Is there a way to do this? There is a USB connector on the camera for updating from a PC.

Alan KM6VV

Asked by KM6VV on 2013-10-31 10:14:07 UTC

Comments

Are you talking about the GoPro Hero3?

Asked by jbohren on 2013-10-31 10:38:09 UTC

yes. Seems like there should be a way.... Alan

Asked by KM6VV on 2013-11-04 19:30:23 UTC

Answers

As far as I know, the GoPro can't stream over USB, it just has a "live" composite video feed, which you'd need to capture with additional hardware. The GoPro Hero3, however, can stream over wifi, but there's a pretty substantial delay (on the order of seconds) You can see a tutorial here for getting the URI for that stream: http://www.youtube.com/watch?v=Y1XaBJZ8Xcg Then you can probably use the gscam pacakge to convert that stream to a ROS camera topic.
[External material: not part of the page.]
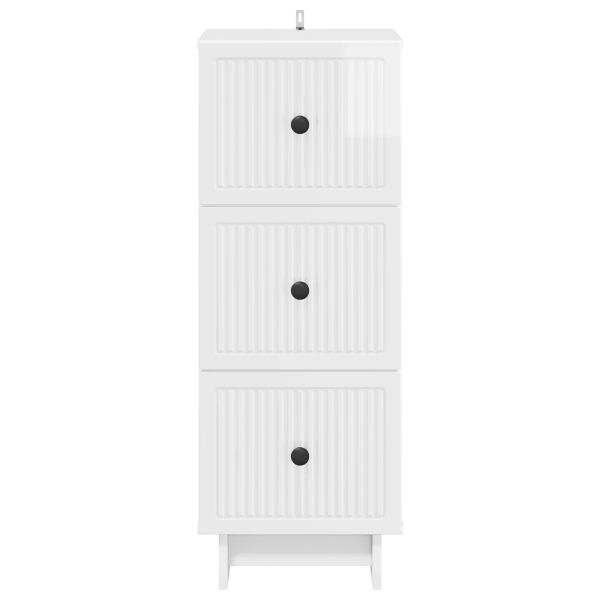 Чекмеджетен шкаф Бял гланц 33 x 34,5 x 90 см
Asked by jbohren on 2013-11-05 06:11:58 UTC

Comments

Thanks for the URL, Youtube video makes it look like it would be too slow for a blob camera.

Asked by KM6VV on 2013-11-07 17:37:56 UTC

This is a bit of but for anyone who's googling doing this at the moment. I've just setup a ROS system using a GoPro hero 3. It's not the cheapest but I'm using an external HDMI capture dongle to convert the live HDMI stream into a video4linux compatible camera feed.

http://www.magewell.com/usb-capture-hdmi This is the capture device I'm running, it works with linux out of the box and is pretty small so it'll tuck into a robot quite easily.

This setup gives me by far the best image quality I've ever seen for a (slightly over the top) USB web-cam.

Asked by PeteBlackerThe3rd on 2016-02-26 13:42:05 UTC

Comments

What kind of loads did you see on your CPU when using the video-capture device.

Asked by rumman on 2016-03-05 02:10:14 UTC

Hi Rumman, very little, the device appears just like a USB webcam from the point of view of the computer. It connects through a USB3 port. All the hard work of capturing the HDMI feed is done in the external hardware. The only downside is the £200 price tag!